A caveat: coding: latin-1 will definitely remove the error message (because there are no byte sequences which are not technically permitted in this encoding), but might produce completely the wrong result when the code is interpreted if the actual encoding is something else. You really have to know the encoding of the file with complete certainty when you declare the encoding.


回答 4

在脚本中添加以下两行为我解决了这个问题。

# !/usr/bin/python
# coding=utf-8

希望能帮助到你 !

Adding the following two lines in the script solved the issue for me.

# !/usr/bin/python
# coding=utf-8

Hope it helps !


回答 5

您可能正在尝试使用Python 2解释器运行Python 3文件。当前(截至2019年)python,在Windows和大多数Linux发行版上,当两个版本都安装时,命令默认为Python 2。
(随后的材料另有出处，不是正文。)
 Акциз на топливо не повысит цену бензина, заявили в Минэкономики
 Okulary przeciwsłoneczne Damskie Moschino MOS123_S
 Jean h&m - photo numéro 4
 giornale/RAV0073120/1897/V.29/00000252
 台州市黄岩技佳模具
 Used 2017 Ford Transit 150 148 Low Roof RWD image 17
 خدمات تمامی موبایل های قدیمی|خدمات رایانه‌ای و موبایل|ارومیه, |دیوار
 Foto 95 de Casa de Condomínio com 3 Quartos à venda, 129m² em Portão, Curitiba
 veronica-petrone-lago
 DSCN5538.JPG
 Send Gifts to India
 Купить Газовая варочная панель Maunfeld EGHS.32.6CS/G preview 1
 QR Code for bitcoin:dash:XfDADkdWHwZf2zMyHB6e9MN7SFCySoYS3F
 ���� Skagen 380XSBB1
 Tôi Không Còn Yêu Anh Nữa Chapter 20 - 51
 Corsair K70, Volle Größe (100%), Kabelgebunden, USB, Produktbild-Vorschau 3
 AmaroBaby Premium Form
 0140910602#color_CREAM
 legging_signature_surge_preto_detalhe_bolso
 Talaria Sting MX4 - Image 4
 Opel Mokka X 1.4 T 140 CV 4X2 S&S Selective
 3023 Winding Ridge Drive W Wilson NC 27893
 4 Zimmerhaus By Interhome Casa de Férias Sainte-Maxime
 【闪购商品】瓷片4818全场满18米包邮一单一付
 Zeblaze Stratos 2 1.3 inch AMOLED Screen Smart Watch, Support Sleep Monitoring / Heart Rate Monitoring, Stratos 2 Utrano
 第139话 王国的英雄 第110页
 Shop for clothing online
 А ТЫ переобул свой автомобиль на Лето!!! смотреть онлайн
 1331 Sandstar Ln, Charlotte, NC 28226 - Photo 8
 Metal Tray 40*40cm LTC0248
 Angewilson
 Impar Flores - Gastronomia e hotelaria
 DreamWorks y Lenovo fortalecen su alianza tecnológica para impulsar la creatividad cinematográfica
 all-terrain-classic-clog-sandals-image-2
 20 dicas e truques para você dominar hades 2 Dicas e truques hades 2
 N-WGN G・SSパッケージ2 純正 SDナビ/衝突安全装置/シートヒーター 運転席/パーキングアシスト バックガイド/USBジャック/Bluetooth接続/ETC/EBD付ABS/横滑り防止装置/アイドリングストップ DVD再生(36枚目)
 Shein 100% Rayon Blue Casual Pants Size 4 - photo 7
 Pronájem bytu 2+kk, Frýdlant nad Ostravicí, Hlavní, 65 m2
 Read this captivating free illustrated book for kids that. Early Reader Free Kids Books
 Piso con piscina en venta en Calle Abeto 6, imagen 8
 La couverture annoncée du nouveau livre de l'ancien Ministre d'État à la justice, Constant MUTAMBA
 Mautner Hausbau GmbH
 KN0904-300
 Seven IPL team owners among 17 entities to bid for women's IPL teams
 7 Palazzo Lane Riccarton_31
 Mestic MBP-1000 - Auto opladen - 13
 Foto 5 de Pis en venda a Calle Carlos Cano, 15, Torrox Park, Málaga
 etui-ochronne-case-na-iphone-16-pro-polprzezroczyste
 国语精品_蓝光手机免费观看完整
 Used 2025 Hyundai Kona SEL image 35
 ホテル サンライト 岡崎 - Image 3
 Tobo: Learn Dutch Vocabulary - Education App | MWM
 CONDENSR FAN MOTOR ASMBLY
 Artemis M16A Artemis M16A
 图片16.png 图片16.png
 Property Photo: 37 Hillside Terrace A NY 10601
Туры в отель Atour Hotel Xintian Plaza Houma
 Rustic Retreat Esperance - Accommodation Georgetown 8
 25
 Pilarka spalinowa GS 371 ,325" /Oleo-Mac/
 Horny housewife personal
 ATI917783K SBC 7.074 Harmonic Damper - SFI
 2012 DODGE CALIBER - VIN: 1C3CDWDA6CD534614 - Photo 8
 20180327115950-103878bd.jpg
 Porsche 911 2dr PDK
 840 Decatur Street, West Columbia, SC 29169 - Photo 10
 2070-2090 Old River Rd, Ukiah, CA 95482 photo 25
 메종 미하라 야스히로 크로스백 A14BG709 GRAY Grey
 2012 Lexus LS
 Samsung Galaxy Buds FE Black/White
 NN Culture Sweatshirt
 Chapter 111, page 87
但是,如果您确实正在使用Python 2脚本,则此页面上尚未提及的解决方案是将文件重新保存为UTF-8 + BOM编码,这会将三个特殊字节添加到文件的开头,它们将明确告知Python解释器(和您的文本编辑器)有关文件编码的信息。

You’re probably trying to run Python 3 file with Python 2 interpreter. Currently (as of 2019), python command defaults to Python 2 when both versions are installed, on Windows and most Linux distributions.

But in case you’re indeed working on a Python 2 script, a not yet mentioned on this page solution is to resave the file in UTF-8+BOM encoding, that will add three special bytes to the start of the file, they will explicitly inform the Python interpreter (and your text editor) about the file encoding.


声明:本站所有文章,如无特殊说明或标注,均为本站原创发布。任何个人或组织,在未征得本站同意时,禁止复制、盗用、采集、发布本站内容到任何网站、书籍等各类媒体平台。如若本站内容侵犯了原著者的合法权益,可联系我们进行处理。